Social Development

Relationships with Others

Social development involves your child having the skills he needs to form positive relationships with peers and family members.

Activity

Nolan and his dad go to a family barbecue at the park on Sunday. During the drive in the car, Nolan is having a good time and singing along to the music. When the two of them arrive at the park, Nolan becomes very quiet and stops singing. “Nolan, we’re here!” Dad says. Nolan puts his head down. “Nolan, look! Your cousin is here! Don’t be sad, I’m here with you.” Nolan jumps out of the car seat, climbs down and clings to his cousin, hugging her as tightly as he can. “Nolan, play,” says his cousin. Nolan still hugs his cousin tightly for a few more minutes until Dad comes over with a toy truck. “You can go play,” says Dad. Nolan looks up at Dad again then lets go of his cousin and takes the truck with his cousin to the sand box.

Insight

Nolan is given support when Dad tells him that his cousin is here and he is going to play with her. Because he feels supported and trusts that his dad is in close proximity, Nolan feels comfortable cementing a relationship with his cousin.

Social relationships help your child gain trust, confidence, and security—all of which are important for him to explore his environment, learn, interact, and build relationships with others. Your child needs to learn to trust very early in life. When your child feels that he can trust you and other familiar people, then he will be more willing and open to meeting new people and peers. This is because your child understands that you will always be nearby to provide support when needed.

Relationships with your child first consist of meeting your child’s basic needs through sensitive caregiving.

By responding in a warm, loving, and gentle way, you’re helping your child learn about communication, behavior, and emotions, making him feel safe and secure, and promoting a strong relationship between you and him. Those relationships let children express themselves—a cry, a laugh, a question—and get something back: a cuddle, a smile, an answer.

If these needs are consistently met, trust develops. Secure attachment relationships provide your child with feelings of self-worth and conf idence. What children “get back” gives them very important information about what the world is like and how to act in the world.

At this age, your child is happier playing next to rather than with a peer. He will imitate what he sees another child doing without interacting with him.
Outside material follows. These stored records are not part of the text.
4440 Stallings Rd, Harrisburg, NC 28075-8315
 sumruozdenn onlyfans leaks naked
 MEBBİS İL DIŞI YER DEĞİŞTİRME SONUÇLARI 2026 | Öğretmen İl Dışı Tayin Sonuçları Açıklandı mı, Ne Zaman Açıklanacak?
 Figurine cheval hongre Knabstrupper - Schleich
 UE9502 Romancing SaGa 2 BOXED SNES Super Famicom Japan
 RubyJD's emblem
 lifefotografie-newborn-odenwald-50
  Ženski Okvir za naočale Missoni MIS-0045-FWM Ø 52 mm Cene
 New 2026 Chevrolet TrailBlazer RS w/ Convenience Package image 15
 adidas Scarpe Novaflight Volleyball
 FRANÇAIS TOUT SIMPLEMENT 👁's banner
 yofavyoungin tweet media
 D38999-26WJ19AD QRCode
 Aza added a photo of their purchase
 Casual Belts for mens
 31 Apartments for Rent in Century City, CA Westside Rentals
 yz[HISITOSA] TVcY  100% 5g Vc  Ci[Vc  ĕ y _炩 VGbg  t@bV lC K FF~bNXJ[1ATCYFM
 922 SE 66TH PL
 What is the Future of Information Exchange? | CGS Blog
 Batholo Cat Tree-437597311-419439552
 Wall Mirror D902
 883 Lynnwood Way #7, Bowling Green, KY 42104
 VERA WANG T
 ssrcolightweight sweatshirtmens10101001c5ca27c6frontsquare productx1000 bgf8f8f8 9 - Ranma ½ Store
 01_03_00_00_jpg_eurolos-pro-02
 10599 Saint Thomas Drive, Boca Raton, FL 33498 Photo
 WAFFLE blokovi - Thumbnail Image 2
Play at this stage of development is called “parallel play” in which toddlers will play next to each other but not with each other.

During this stage of development it is essential to make sure your child is encouraged (praised), loved (hugs and kisses), and can develop trust and security with you (needs being consistently met).

Playing with peers will help teach him key social skills such as how to be kind, to share, and to resolve conflict; however, it’s too early to expect them to play together; this will not happen until around two and a half years of age.

Regarding Nolan’s trip to the family barbeque, note that when he became quiet he was experiencing a bit of separation anxiety. Separation anxiety occurs when there is a physical separation between him or her and you. This is a normal experience for your child to have when he has formed positive social relationships with his parents and others he sees on a regular basis.

A securely attached child will miss his parents when separated and will welcome the parents’ or caregiver’s reappearance or staying in close proximity. As your child grows older separation anxiety will lessen; instead, he will use other skills such as language, eye contact, and gestures to stay connected to you. Yet even with these newest social skills, your child will continue to seek physical closeness to you.